Exercise goal: Leave every picture out and return the rest of the listing verbatim.

____ Given data

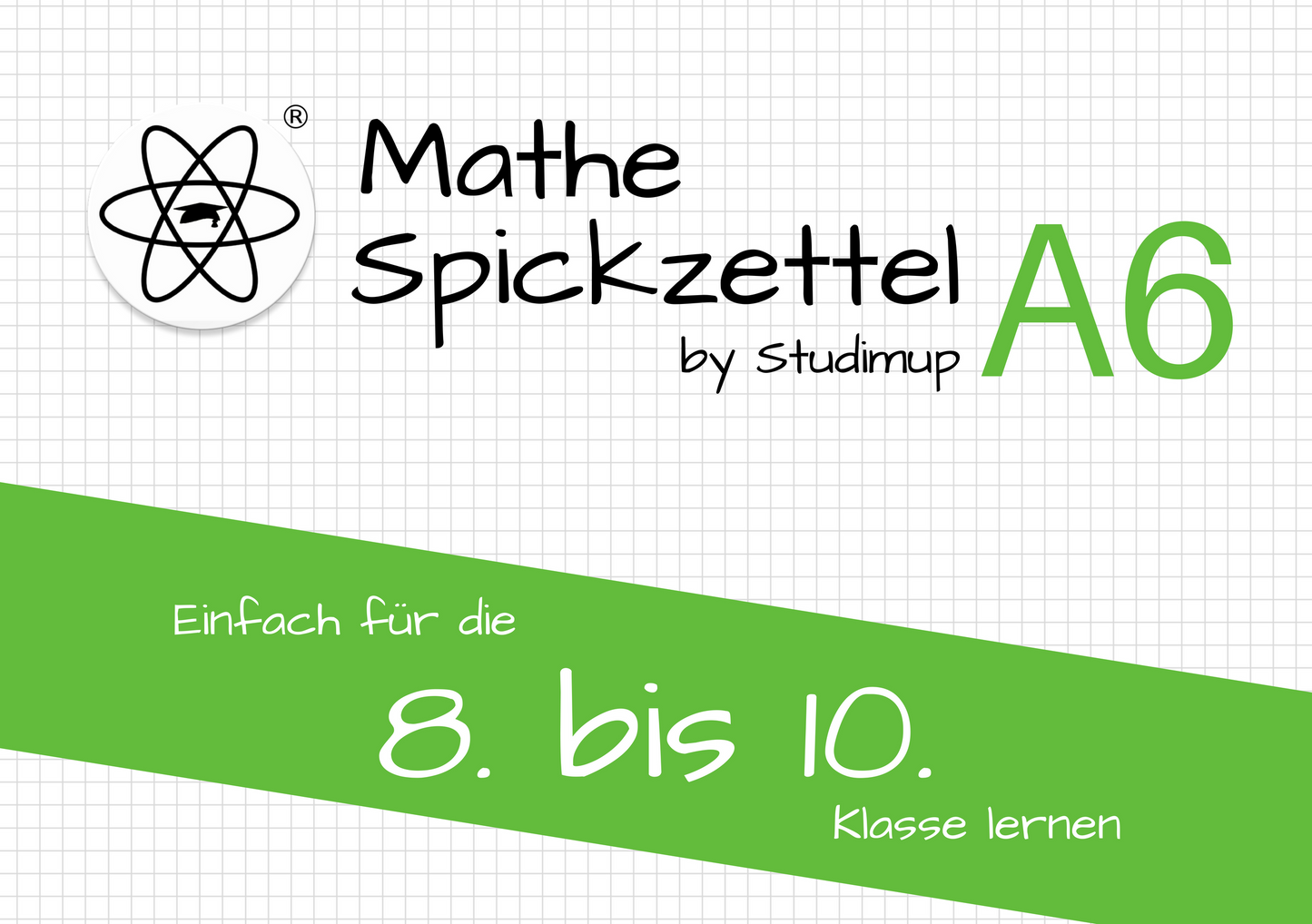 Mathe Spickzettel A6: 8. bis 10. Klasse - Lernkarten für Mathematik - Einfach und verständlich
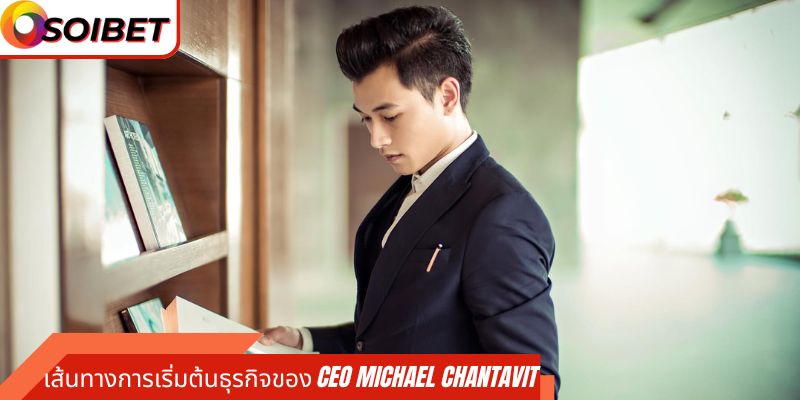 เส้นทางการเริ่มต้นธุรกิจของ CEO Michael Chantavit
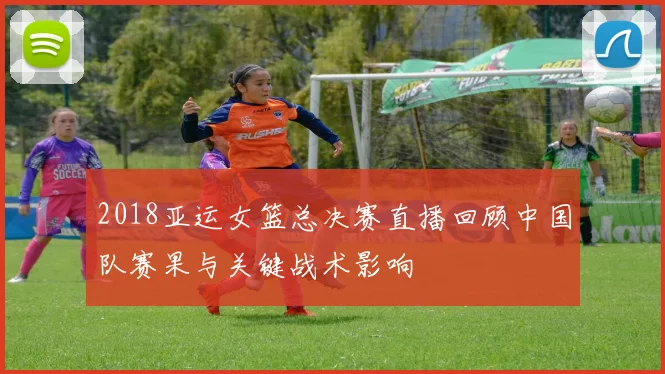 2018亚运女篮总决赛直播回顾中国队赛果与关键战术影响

________

Response to the task:
 Mathe Spickzettel A6: 8. bis 10. Klasse - Lernkarten für Mathematik - Einfach und verständlich
 เส้นทางการเริ่มต้นธุรกิจของ CEO Michael Chantavit
 2018亚运女篮总决赛直播回顾中国队赛果与关键战术影响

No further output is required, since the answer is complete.